_The task_.
Exactly and only the lines from the first entry through the line with "Happy Today. Greeting card, banner" should be copied, both ends included, with no pictures.

+ + +

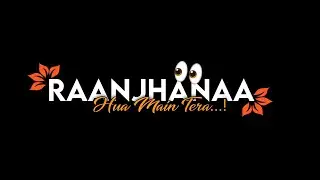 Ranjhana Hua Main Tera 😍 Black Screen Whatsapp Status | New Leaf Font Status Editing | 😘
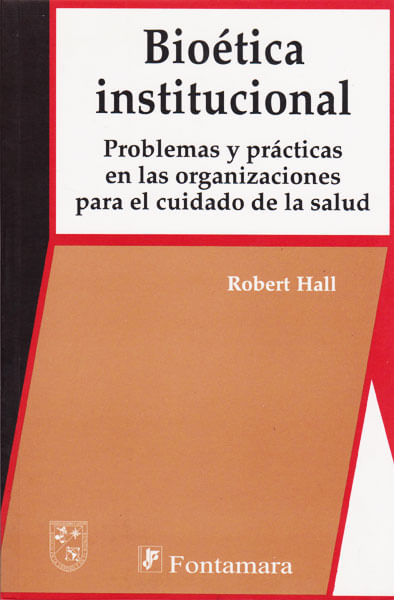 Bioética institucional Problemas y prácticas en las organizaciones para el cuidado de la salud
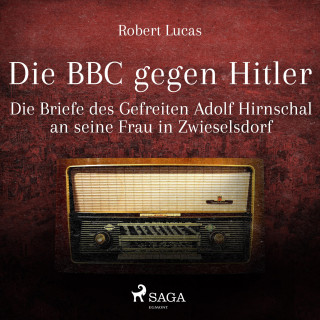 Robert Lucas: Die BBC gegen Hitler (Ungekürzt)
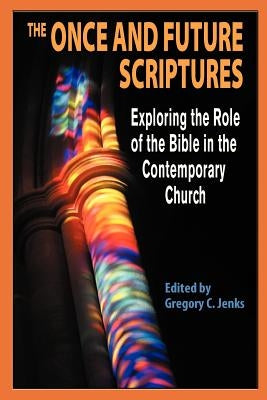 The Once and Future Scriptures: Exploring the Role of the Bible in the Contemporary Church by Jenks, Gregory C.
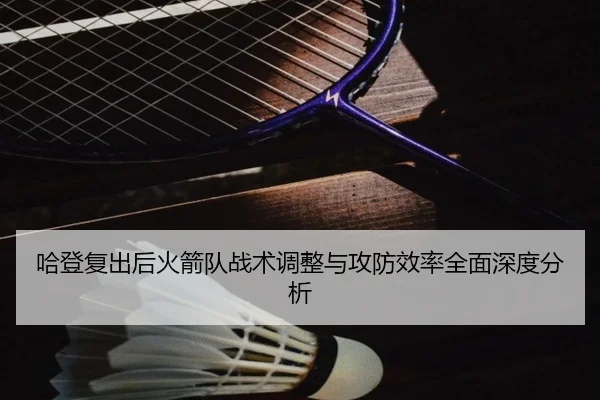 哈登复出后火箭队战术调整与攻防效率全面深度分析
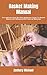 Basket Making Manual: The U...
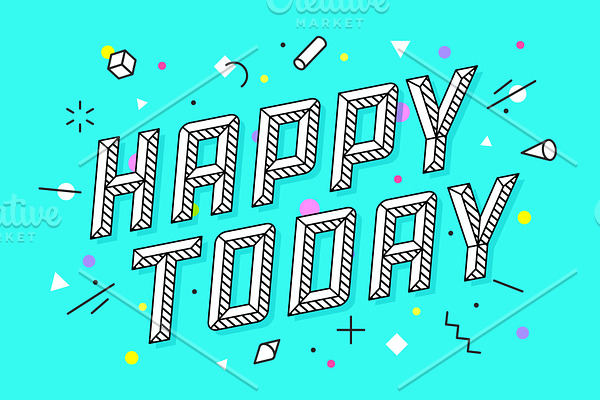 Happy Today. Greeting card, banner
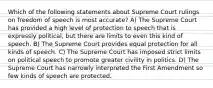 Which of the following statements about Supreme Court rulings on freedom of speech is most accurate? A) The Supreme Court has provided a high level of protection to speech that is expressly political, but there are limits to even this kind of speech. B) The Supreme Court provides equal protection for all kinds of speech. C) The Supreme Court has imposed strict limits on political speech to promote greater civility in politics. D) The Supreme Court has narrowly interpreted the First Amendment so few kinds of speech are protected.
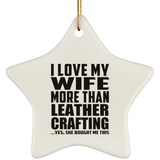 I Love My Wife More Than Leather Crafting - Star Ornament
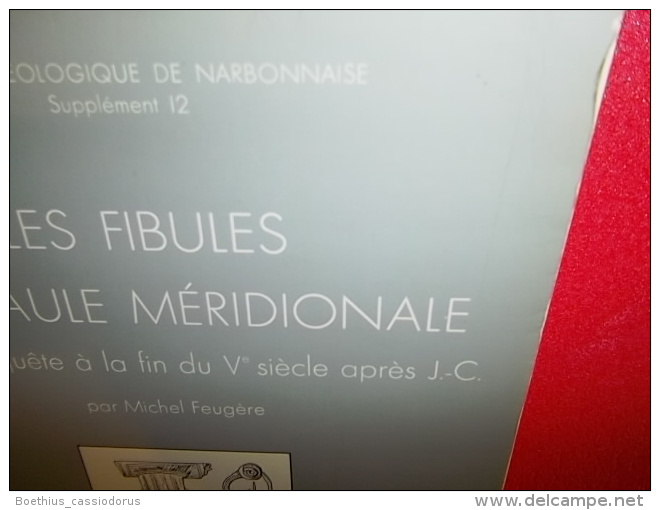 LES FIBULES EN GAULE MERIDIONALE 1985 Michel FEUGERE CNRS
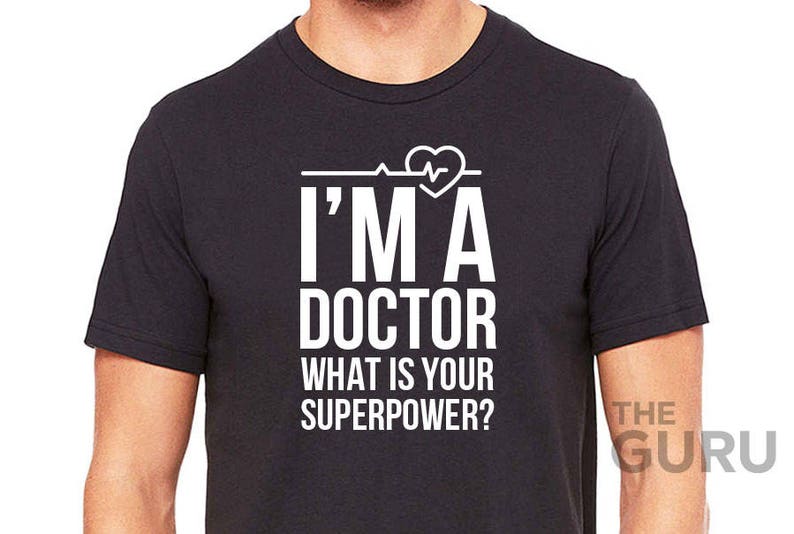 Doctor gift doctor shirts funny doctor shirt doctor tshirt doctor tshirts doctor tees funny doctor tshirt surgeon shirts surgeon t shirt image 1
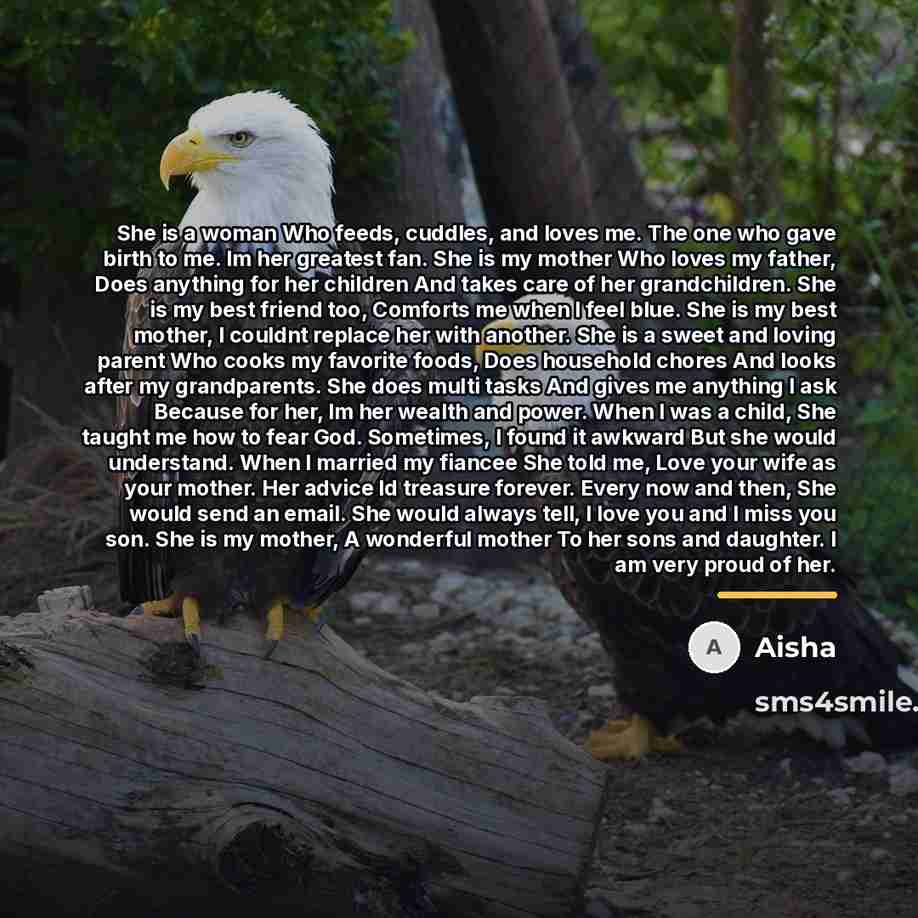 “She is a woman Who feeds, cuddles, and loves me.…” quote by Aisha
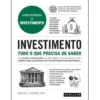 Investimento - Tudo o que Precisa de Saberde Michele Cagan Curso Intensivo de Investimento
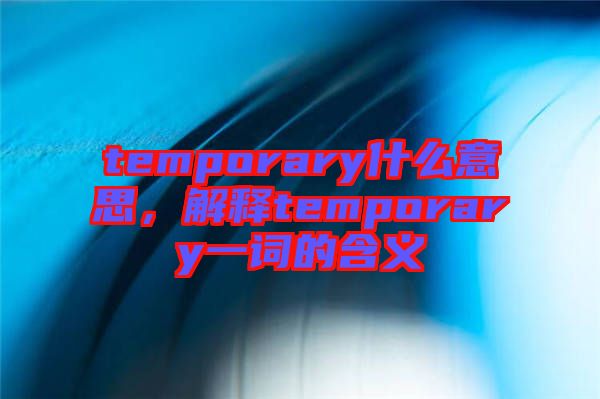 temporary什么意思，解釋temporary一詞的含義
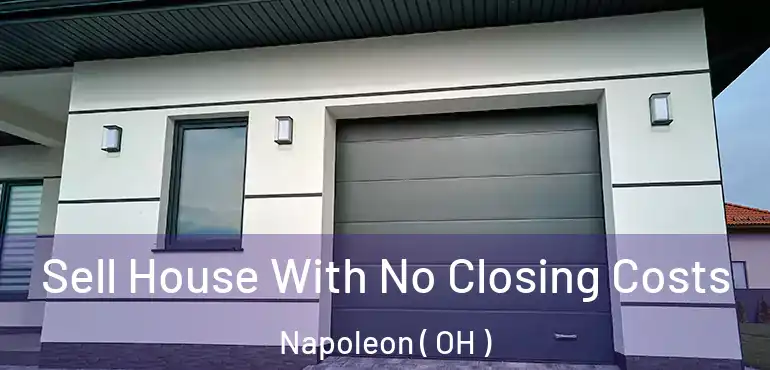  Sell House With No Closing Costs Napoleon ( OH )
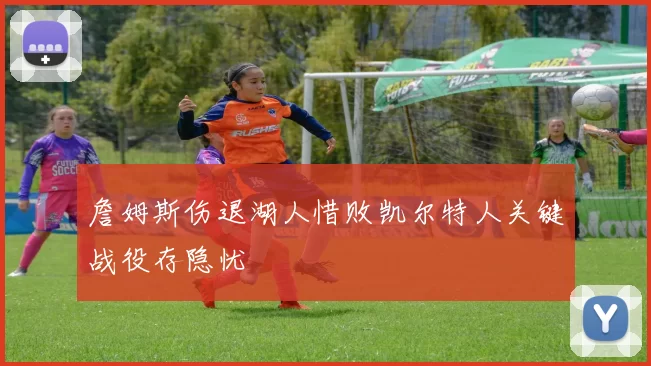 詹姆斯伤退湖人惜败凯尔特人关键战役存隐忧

+ + +

_Answer to this task_.
 Ranjhana Hua Main Tera 😍 Black Screen Whatsapp Status | New Leaf Font Status Editing | 😘
 Bioética institucional Problemas y prácticas en las organizaciones para el cuidado de la salud
 Robert Lucas: Die BBC gegen Hitler (Ungekürzt)
 The Once and Future Scriptures: Exploring the Role of the Bible in the Contemporary Church by Jenks, Gregory C.
 哈登复出后火箭队战术调整与攻防效率全面深度分析
 Basket Making Manual: The U...
 Happy Today. Greeting card, banner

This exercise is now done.